**EXERCISE INSTRUCTIONS:**
From the records below, transcribe exactly the lines that begin at the line with "Cuando la ameba" and end at the line with "de división celular.", both included.

··· INPUT MATERIAL

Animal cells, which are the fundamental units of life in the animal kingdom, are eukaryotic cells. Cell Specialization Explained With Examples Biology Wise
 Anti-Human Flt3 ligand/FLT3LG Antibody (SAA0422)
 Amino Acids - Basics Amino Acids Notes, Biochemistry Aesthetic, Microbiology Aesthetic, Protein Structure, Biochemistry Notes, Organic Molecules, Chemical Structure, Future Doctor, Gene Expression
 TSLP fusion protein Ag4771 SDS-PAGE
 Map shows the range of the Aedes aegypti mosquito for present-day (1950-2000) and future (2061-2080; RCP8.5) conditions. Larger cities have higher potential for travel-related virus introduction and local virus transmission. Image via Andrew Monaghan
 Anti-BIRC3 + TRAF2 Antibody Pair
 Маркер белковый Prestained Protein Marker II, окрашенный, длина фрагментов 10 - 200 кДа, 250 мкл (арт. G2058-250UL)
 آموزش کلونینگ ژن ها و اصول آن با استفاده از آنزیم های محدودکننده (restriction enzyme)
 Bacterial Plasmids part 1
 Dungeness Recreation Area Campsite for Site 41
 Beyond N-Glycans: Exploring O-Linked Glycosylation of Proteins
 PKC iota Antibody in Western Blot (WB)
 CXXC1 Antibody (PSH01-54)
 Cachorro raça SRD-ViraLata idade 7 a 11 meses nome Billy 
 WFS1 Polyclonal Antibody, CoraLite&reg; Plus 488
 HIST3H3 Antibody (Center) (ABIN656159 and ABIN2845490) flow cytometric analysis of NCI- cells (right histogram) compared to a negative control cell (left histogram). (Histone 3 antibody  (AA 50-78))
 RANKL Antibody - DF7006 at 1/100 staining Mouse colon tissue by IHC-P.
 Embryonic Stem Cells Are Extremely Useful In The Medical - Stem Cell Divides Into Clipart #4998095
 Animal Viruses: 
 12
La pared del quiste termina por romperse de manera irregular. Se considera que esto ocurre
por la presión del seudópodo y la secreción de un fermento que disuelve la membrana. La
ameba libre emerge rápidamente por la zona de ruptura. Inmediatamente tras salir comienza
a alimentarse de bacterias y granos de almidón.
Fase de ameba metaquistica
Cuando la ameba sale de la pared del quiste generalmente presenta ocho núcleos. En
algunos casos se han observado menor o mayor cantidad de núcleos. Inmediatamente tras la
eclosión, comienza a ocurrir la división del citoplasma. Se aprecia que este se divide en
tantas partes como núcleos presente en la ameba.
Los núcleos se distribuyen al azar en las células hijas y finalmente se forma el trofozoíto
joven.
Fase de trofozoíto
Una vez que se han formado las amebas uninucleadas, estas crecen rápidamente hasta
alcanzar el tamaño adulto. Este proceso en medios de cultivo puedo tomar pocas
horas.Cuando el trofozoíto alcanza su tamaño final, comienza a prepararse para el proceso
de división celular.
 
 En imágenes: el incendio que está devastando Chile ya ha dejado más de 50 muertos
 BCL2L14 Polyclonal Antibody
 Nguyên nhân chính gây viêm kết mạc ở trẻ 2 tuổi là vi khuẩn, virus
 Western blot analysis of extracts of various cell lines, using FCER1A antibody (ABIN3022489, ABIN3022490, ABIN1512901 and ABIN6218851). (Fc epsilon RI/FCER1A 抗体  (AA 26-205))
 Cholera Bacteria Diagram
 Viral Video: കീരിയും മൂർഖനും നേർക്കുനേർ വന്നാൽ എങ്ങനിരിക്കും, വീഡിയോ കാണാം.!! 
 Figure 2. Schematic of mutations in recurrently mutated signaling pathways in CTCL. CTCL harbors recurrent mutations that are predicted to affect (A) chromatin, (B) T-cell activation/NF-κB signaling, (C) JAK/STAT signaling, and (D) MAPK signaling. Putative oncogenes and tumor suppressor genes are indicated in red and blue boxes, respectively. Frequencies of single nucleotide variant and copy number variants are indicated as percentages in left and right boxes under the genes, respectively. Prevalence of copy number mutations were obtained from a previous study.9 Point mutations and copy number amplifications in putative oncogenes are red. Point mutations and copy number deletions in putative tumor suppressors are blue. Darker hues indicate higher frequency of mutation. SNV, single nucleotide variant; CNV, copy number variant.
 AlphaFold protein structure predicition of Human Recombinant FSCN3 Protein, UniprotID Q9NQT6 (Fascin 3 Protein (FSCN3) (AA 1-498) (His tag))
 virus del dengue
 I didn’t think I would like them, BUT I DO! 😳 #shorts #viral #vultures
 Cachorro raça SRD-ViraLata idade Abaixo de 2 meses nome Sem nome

······

**TASK RESPONSE:**
Cuando la ameba sale de la pared del quiste generalmente presenta ocho núcleos. En
algunos casos se han observado menor o mayor cantidad de núcleos. Inmediatamente tras la
eclosión, comienza a ocurrir la división del citoplasma. Se aprecia que este se divide en
tantas partes como núcleos presente en la ameba.
Los núcleos se distribuyen al azar en las células hijas y finalmente se forma el trofozoíto
joven.
Fase de trofozoíto
Una vez que se han formado las amebas uninucleadas, estas crecen rápidamente hasta
alcanzar el tamaño adulto. Este proceso en medios de cultivo puedo tomar pocas
horas.Cuando el trofozoíto alcanza su tamaño final, comienza a prepararse para el proceso
de división celular.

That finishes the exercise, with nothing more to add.